China’s spiralling slowdown is also reflected in the tax revenues–it fell from 7.4 per cent in 2017 to 3.8 in 2019. The revenue shortages did not stop the Chinese from spending on mega projects, which led to a budget deficit of 4.9 per cent of GDP in 2019. But this is not the figure the World Bank believes–it puts the deficit at 12.7 per cent and this was before the epidemic when things were rosy.

BEIJING, Oct. 9, 2019 (Xinhua) -- Chinese President Xi Jinping meets with Pakistani Prime Minister Imran Khan at the Diaoyutai State Guesthouse in Beijing, capital of China, Oct. 9, 2019. (Xinhua/Liu Weibing/IANS) by .
Chinese President Xi Jinping with Pakistani Prime Minister Imran Khan (File)

The fall can be detected in the pattern of investment in the much-hyped projects like the BRI where the Chinese have almost stopped funding it and have instead asked the partner countries to bear the burden. To cite a few examples– China wants to build a new port in Myanmar, but it is reluctant to pay for it. In 2015, China signed a Transit and Transport Agreement with Nepal but the project has not moved beyond the rhetorics. This story is repeated in Africa and eastern Europe.

Funding crunch is visible in China’s military budgets. According to the Center for Strategic and International Studies, the Chinese defence budget might actually fall in real terms this year. Since it is next to impossible to know anything credible about the Chinese defence industry, it is still fair to assume that its recent misadventures in India and elsewhere could seriously jeopardise its military modernisation programmes. There is circumstantial evidence to suggest that China has put on slow burner many of its big-ticket military projects. For instance, China has managed to build only 50 plus J20 fifth generation stealth fighters while its plans were for manifold units. The programme has run into development glitches which has put a break on its future production plans. Chinese plans to deploy six aircraft carriers by 2035 are highly unlikely to materialise with two carriers, one a Soviet surplus, currently in services. The nuclear-powered submarine programme is stalled for technological as financial reasons.

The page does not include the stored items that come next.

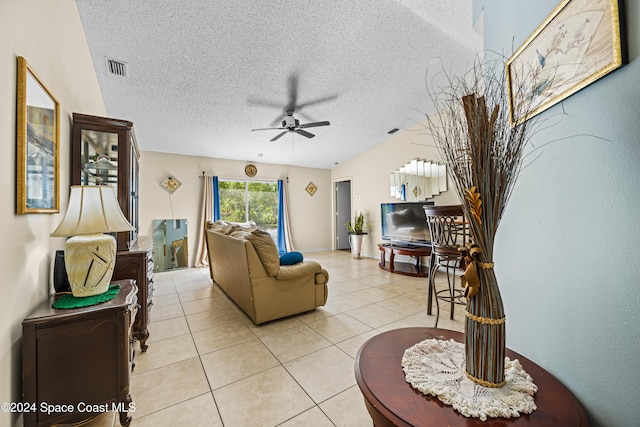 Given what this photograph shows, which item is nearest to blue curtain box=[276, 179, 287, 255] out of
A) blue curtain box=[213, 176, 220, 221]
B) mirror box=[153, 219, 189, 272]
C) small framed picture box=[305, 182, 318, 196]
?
small framed picture box=[305, 182, 318, 196]

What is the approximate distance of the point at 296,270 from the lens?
107 inches

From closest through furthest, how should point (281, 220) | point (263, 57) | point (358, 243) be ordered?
point (263, 57), point (358, 243), point (281, 220)

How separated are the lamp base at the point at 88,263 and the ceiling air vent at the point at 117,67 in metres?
2.19

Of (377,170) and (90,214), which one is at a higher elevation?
(377,170)

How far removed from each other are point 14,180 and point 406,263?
5393 millimetres

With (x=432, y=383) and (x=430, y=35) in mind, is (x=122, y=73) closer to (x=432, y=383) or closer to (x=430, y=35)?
(x=430, y=35)

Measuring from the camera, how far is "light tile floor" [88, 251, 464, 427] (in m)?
1.47

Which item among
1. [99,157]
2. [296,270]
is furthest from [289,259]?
[99,157]

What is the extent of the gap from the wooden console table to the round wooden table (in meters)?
3.72

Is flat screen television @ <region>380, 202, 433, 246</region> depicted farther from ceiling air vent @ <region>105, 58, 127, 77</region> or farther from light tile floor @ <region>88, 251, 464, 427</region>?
ceiling air vent @ <region>105, 58, 127, 77</region>

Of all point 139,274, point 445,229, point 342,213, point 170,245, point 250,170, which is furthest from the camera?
point 342,213

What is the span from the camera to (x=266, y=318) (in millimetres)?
2586

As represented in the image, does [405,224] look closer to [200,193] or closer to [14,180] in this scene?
[200,193]

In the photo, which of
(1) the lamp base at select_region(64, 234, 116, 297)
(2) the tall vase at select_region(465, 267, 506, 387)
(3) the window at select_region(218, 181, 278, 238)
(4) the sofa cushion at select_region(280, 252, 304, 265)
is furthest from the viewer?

A realistic assessment of the Chinese economic slow meltdown can be made from the closure of half a million companies in the first quarter of the first year. More than 460,000 Chinese firms shut shop along with 400 real estate developers citing liquidity crunch, low sales and bleak future prospects. Along with these large scale closures, another distressing signal has been the slow pace of new firms coming into the stream. There has been a 29 per cent dip in the numbers in the first quarter of this year.

The Chinese bravado on its borders could turn out to be another nail in its fast evaporating economic miracle.